Mentre scendeva tremante in salotto, le sfuggì la presa intorno alla ripida scala d’acciaio e capitombolò per terra, ma si rimise in piedi e andò al portone d’ingresso. Posò l’orecchio vicino all’apertura e si mise in ascolto, maledicendo il fatto di non avere uno spioncino. Non osava neppure socchiudere la porta, perché qualcuno avrebbe potuto spalancarla con uno spintone; lei sarebbe caduta dentro e in quel modo sarebbe stata in trappola. Fuori il silenzio era così totale da farle avvertire un ronzio nella testa. Ma dov’era lui adesso? Nella tromba delle scale? In casa dell’artista? Di sotto, vicino al portone esterno? Attraversò di corsa il salotto e andò alla finestra accanto al bancone della cucina. Giù in giardino non c’era nessuno. Si intravedeva solo un movimento quasi impercettibile, quello di un ramo che graffiava il tavolino in ferro.
*
Una volta rientrata in casa, Annie si sedette su una delle piccole poltrone e ricostruì con la fantasia l’immagine dell’uomo che doveva aver rapito la sua bambina. Prese il foglio con i nomi e lo riguardò diverse volte.
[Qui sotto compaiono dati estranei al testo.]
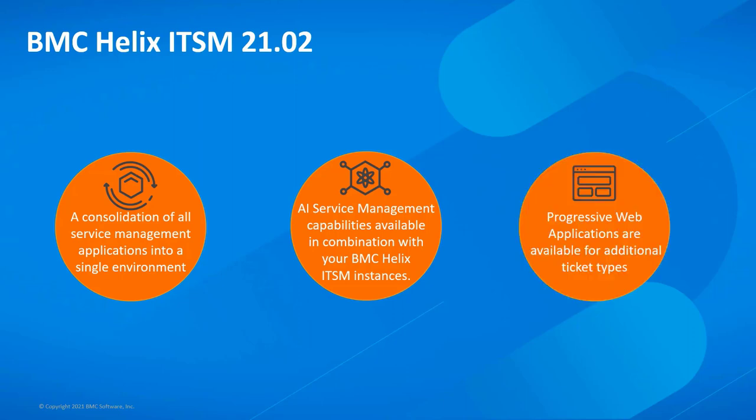BMC continues with the rollout of the new Progressive Web Application UI for ITSM and in this release, we deliver support to additional ticket types.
Più vino beveva, più vividi si facevano nella sua mente i movimenti fulminei e la figura ricurva che portava via Thona. Sua figlia non aveva una voce potente. Agosto di quindici anni prima. Quanto tempo era passato! Da allora non aveva più avuto il coraggio di tornare in quegli orti. Cosa le aveva fatto quel demonio? Lo sapeva benissimo cosa le aveva fatto. Come l’aveva uccisa? Come? Soffocandola? Ferendola con un coltello? Colpendola in testa con un sasso? Nessuno poteva aiutarla. Nessuno!
Da piccola Thona aveva paura delle signore anziane. Si aggrappava alla sua gonna tutte le volte che al supermercato incontravano qualche vecchia che le rivolgeva la parola. E nonostante questo l’aveva mandata negli orti di Myrtel Haug. Quel posto orribile.